CARP IP not pingable from other SR-IOV virtual function on same host

Started by Simon42, February 18, 2024, 01:27:11 PM

Previous topic - Next topic
thanks for the info.
did some quick testing today:
enabled it with ethtool --set-priv-flags enp9s0 vf-true-promisc-support on

but does not seem to work unfortunately :(. Still ping not even reaching opnsense packet capture.

but still have some more testing left todo. (your comments don't let me hope, but lets see...  ;)): still need to do an nvm update, ...

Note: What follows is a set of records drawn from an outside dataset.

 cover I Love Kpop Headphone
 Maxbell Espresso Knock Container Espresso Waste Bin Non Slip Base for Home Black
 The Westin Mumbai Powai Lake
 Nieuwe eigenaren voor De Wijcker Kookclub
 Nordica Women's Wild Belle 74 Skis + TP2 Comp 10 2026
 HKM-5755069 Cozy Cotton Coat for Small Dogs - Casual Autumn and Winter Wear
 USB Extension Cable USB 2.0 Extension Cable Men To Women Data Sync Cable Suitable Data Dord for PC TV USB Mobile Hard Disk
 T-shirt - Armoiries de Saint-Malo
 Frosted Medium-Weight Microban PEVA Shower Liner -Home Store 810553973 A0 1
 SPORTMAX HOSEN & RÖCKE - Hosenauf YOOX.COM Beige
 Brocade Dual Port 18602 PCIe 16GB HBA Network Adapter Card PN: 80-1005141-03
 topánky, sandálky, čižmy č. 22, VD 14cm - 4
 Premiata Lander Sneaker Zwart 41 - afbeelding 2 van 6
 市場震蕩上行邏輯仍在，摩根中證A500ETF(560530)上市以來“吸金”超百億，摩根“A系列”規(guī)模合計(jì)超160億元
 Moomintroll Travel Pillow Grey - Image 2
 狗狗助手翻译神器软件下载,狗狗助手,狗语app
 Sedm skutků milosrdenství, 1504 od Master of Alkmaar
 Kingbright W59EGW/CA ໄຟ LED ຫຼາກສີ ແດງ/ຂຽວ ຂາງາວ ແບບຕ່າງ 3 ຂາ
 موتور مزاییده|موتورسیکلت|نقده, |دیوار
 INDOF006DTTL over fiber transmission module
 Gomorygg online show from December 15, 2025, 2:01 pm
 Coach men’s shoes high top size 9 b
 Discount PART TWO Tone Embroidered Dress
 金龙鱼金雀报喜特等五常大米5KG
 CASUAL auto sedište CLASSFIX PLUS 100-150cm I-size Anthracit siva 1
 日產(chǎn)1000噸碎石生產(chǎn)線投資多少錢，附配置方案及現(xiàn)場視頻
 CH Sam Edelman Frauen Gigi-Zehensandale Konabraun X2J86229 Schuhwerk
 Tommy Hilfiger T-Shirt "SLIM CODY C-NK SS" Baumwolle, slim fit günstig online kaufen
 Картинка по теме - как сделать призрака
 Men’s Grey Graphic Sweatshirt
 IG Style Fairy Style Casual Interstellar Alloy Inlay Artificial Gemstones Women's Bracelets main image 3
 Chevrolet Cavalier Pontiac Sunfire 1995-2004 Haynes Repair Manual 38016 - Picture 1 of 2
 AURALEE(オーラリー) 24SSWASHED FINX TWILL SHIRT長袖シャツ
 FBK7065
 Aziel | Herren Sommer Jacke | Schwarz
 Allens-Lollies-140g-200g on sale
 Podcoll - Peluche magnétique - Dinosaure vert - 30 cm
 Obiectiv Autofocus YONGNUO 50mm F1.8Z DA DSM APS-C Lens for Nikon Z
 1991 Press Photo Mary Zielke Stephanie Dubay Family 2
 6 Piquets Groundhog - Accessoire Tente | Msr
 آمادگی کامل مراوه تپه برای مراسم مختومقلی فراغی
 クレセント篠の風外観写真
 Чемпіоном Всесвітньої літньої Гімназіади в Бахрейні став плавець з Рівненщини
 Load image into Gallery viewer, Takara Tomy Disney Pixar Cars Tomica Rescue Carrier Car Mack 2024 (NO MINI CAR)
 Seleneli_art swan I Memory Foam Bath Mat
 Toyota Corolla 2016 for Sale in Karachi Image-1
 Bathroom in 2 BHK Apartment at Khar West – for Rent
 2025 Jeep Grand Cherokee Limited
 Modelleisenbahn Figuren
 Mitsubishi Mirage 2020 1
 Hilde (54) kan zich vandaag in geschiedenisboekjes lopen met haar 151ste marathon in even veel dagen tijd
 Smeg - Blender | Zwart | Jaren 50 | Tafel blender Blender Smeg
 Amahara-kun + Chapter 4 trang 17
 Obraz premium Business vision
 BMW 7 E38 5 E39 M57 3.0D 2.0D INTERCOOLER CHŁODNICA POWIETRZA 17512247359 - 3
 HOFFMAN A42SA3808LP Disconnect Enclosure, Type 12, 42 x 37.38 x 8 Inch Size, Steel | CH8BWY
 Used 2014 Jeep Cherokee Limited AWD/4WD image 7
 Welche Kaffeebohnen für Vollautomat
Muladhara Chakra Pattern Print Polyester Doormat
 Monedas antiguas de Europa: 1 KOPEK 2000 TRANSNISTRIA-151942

PS:  ethtool -k does not show these priv-flags:
root@pve:~# ethtool -k enp9s0
Features for enp9s0:
rx-checksumming: on
tx-checksumming: on
        tx-checksum-ipv4: off [fixed]
        tx-checksum-ip-generic: on
        tx-checksum-ipv6: off [fixed]
        tx-checksum-fcoe-crc: off [fixed]
        tx-checksum-sctp: on
scatter-gather: on
        tx-scatter-gather: on
        tx-scatter-gather-fraglist: off [fixed]
tcp-segmentation-offload: on
        tx-tcp-segmentation: on
        tx-tcp-ecn-segmentation: on
        tx-tcp-mangleid-segmentation: off
        tx-tcp6-segmentation: on
generic-segmentation-offload: on
generic-receive-offload: on
large-receive-offload: off [fixed]
rx-vlan-offload: on
tx-vlan-offload: on
ntuple-filters: on
receive-hashing: on
highdma: on
rx-vlan-filter: on [fixed]
vlan-challenged: off [fixed]
tx-lockless: off [fixed]
netns-local: off [fixed]
tx-gso-robust: off [fixed]
tx-fcoe-segmentation: off [fixed]
tx-gre-segmentation: on
tx-gre-csum-segmentation: on
tx-ipxip4-segmentation: on
tx-ipxip6-segmentation: on
tx-udp_tnl-segmentation: on
tx-udp_tnl-csum-segmentation: on
tx-gso-partial: on
tx-tunnel-remcsum-segmentation: off [fixed]
tx-sctp-segmentation: off [fixed]
tx-esp-segmentation: off [fixed]
tx-udp-segmentation: on
tx-gso-list: off [fixed]
fcoe-mtu: off [fixed]
tx-nocache-copy: off
loopback: off
rx-fcs: off [fixed]
rx-all: off [fixed]
tx-vlan-stag-hw-insert: off [fixed]
rx-vlan-stag-hw-parse: off [fixed]
rx-vlan-stag-filter: off [fixed]
l2-fwd-offload: off
hw-tc-offload: off
esp-hw-offload: off [fixed]
esp-tx-csum-hw-offload: off [fixed]
rx-udp_tunnel-port-offload: on
tls-hw-tx-offload: off [fixed]
tls-hw-rx-offload: off [fixed]
rx-gro-hw: off [fixed]
tls-hw-record: off [fixed]
rx-gro-list: off
macsec-hw-offload: off [fixed]
rx-udp-gro-forwarding: off
hsr-tag-ins-offload: off [fixed]
hsr-tag-rm-offload: off [fixed]
hsr-fwd-offload: off [fixed]
hsr-dup-offload: off [fixed]


but i got them using
root@pve:~# ethtool --show-priv-flags enp9s0
Private flags for enp9s0:
MFP                    : off
total-port-shutdown    : off
LinkPolling            : off
flow-director-atr      : on
veb-stats              : off
hw-atr-eviction        : off
link-down-on-close     : off
legacy-rx              : off
disable-source-pruning : off
disable-fw-lldp        : off
rs-fec                 : off
base-r-fec             : off
vf-vlan-pruning        : off
vf-true-promisc-support: on


maybe you could post the output of both of these commands for you E810, so we could compare if there are maybe some more interesting (enabled by default) flags on the E810 :)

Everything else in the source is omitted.